I think the stdin stuff is ok, but I would like to see tighter interface specs to avoid limiting us later, and more clarity about the rules; I find "stdin is open" to be confusing.
Ok, let's work on this. I don't quite remember the origins of "stdin is open" (is this possible on POSIX at all?). It may be a Windows thing where it is possible not to have stdin at all but that only applies to GUI applications, which is clearly not the case here. If we conclude that stdin is always open (although, as you can see with nohup, it does not have to be readable) then we can skip all that language.
There is also some plan presumably (didn't read the code super carefully) to recheck a regular file via seek/read every N seconds. I hope this does not update atime, and in general I'm a little worried about the process doing things and using cpu and fs ops all the time when unison should be more or less quiescent. All of this makes me wonder about a command-line arg (not a preference) to enable the stdin checking behavior.

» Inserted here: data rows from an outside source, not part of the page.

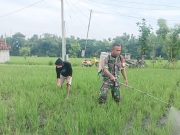 Cegah Hama, Prajurit TNI Ponorogo Bantu Petani Semprot Padi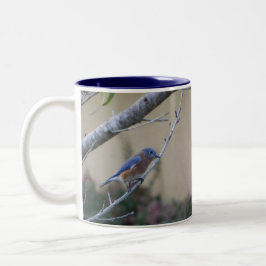 Caneca De Café Em Dois Tons Bluebird no Branch Eastern Bluebird Amantes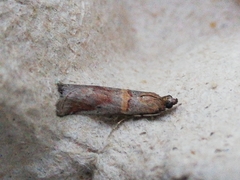 Acrobasis bithynella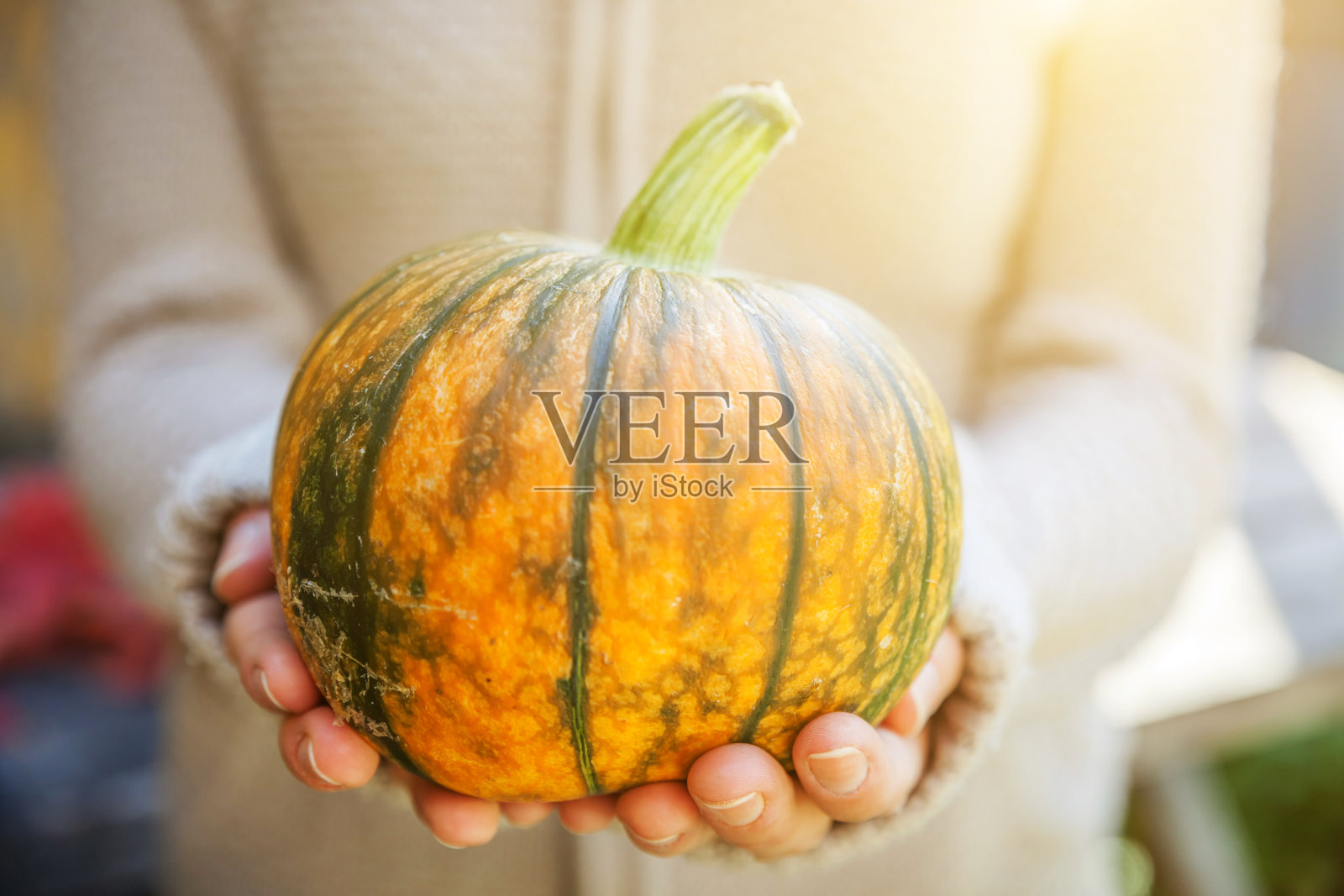 特写自然的秋天秋天的观点女人的手拿着黄色的南瓜。大自然十月或九月的灵感壁纸。四季更迭，有机食品理念成熟。万圣节派对感恩节照片摄影图片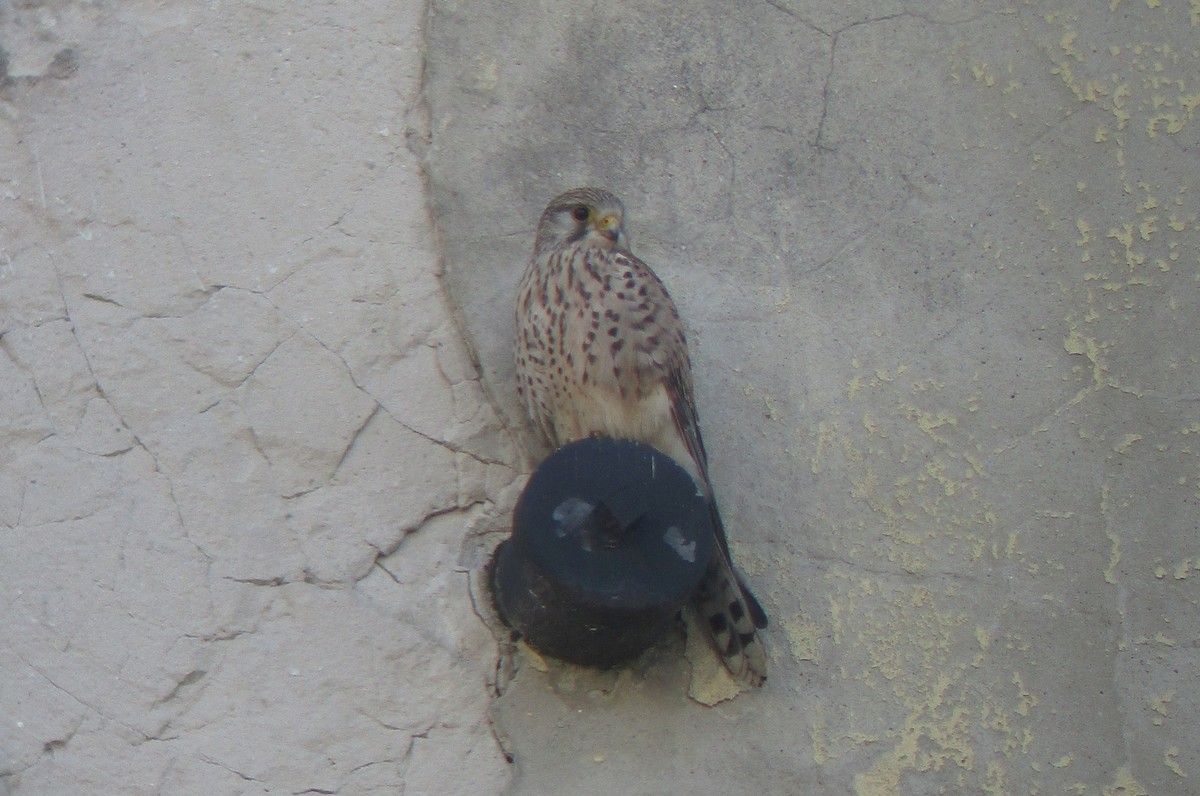 Eurasian Kestrel - Tamas Zeke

It's not as bad. select(2) is used, so no extra cpu or fs ops are consumed constantly/regularly. I specifically made sure that the process wouldn't do anything extra. If it does then it's a bug. I don't know about updating the atime but if you have redirected a file to stdin then you have requested yourself for that file to be read, so I'd say that's not a worry.
Edit: select(2) doesn't work on regular files -- of course... -- so there is a loop with 1 second interval to read from stdin if it's a regular file. That loop is active only during the wait between sync cycles; but this wait can be several hours long.
Please do split USR2 and we can merge that right away and maybe get some user testing.
It strikes me that the stdin mechanism is ending up a bit awkward. I see the reason for each step but it is still complicated.
I wonder if there is a way (that works on windows) to instead of the stdin mechanism, do:
unison <profile> -repeat -graceful-id 57 &
[long time later]
unison -graceful-stop 57
and have that under the covers (but the above is the interface spec) open a fifo (or regular file if it has to be on windows) in $UNISONHOME.
It doesn't have the "fg<CR>^D" simplicity, but it is very scriptable and straighforward. It avoids the race condition (assuming the 2nd command waits until the fifo appears, or gives up after a minute).